Entries taken from a collection
------------------------------------------------

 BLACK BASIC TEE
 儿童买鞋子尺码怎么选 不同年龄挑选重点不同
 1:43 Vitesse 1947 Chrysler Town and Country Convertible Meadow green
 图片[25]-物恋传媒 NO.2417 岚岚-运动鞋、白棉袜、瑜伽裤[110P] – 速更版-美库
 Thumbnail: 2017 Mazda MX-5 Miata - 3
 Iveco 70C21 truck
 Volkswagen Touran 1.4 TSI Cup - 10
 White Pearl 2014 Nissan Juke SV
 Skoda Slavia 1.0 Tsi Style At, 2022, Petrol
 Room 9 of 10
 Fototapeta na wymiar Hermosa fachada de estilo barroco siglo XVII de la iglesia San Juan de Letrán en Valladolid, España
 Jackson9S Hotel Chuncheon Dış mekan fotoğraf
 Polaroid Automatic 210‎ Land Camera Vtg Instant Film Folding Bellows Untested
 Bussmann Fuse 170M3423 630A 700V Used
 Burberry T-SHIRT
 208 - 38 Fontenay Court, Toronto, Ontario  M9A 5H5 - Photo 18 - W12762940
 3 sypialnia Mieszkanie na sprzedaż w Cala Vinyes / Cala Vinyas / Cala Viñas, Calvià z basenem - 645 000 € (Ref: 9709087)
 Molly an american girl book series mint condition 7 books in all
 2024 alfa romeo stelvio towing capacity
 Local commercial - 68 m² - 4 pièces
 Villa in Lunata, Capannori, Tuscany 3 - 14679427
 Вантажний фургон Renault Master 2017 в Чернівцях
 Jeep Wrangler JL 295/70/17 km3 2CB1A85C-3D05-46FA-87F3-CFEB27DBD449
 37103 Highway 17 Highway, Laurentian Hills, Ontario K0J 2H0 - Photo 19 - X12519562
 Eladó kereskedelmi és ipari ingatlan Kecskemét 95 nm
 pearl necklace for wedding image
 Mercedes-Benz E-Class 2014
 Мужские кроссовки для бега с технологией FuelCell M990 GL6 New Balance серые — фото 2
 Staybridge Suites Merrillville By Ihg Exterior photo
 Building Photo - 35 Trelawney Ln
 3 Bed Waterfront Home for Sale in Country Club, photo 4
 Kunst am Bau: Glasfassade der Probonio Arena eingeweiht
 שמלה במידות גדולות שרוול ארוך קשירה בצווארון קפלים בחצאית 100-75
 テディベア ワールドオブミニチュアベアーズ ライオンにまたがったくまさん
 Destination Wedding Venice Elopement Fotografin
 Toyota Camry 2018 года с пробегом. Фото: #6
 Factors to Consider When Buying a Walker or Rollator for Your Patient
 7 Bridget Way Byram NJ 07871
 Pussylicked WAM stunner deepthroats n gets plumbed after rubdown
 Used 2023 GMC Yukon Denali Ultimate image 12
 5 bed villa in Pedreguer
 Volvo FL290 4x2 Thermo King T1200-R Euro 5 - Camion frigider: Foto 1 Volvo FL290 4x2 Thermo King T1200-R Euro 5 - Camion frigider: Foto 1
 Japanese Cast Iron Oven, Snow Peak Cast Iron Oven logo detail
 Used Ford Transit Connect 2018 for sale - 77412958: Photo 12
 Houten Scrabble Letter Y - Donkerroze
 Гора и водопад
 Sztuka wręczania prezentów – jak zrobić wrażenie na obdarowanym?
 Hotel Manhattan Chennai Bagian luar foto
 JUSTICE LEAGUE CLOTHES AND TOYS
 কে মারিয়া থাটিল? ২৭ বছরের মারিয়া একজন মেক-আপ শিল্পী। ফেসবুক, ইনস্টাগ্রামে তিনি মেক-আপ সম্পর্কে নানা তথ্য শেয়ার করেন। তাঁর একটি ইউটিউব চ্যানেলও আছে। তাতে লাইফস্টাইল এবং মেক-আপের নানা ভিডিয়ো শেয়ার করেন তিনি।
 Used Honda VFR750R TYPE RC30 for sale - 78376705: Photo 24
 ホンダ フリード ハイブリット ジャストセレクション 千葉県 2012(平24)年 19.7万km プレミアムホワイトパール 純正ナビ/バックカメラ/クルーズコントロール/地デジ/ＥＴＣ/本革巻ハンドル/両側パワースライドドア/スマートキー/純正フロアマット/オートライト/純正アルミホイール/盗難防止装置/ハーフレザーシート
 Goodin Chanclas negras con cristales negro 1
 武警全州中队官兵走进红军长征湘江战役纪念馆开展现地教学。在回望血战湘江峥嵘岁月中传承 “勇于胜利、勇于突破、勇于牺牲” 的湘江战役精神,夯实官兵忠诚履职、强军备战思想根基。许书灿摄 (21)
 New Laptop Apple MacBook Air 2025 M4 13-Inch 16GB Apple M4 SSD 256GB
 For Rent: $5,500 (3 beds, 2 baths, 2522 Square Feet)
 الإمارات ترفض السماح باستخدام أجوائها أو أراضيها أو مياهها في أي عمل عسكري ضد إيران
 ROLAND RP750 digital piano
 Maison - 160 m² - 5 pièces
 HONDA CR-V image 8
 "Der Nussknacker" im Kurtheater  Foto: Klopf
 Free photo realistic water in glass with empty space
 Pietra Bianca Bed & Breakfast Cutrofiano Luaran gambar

------------------------------------------------

— Problem requirements —
If a line in the entries contains the word "Hotel", copy that line out.

— Completed task —
 Jackson9S Hotel Chuncheon Dış mekan fotoğraf
 Hotel Manhattan Chennai Bagian luar foto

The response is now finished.